Делюсь своей бедой с командиром эскадрильи. Глубокомысленно задумавшись, тот долго стоял каменной глыбой, а потом изрёк:
— Сегодня на подмогу к тебе пришлю инженера с канистрой и замполита. Замполит кого хошь заболтает. Завтра отвезём вас к бакенщикам на Иртыш, после чего твоему поляку дай бог вообще остаться в живых.

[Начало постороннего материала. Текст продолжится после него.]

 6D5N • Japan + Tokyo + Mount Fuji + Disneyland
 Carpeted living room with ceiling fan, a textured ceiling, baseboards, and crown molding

Первый остаток дня с канистрой, друзьями и замполитом провели на славу. Много говорили, смеялись, пели, курили… Выйдя на время из маленькой комнатушки военной убогой гостиницы, я чуть не упал без сознания, глотнув порцию свежего воздуха. А вернувшись, увидел, что мои собеседники сидят за столом и все без голов. Приподнявшись на цыпочках, я заметил и головы. Они были на своём месте, всё так же весело смеялись и шутили. Открыв форточку и дверь, мы выпустили такую порцию дыма, что прибежала дежурная.
— Вы тут живы? Не горите? — испуганно спросила она, разгоняя платком клубы дыма. Прокашлявшись, добавила: — Это ж надо столько накурить!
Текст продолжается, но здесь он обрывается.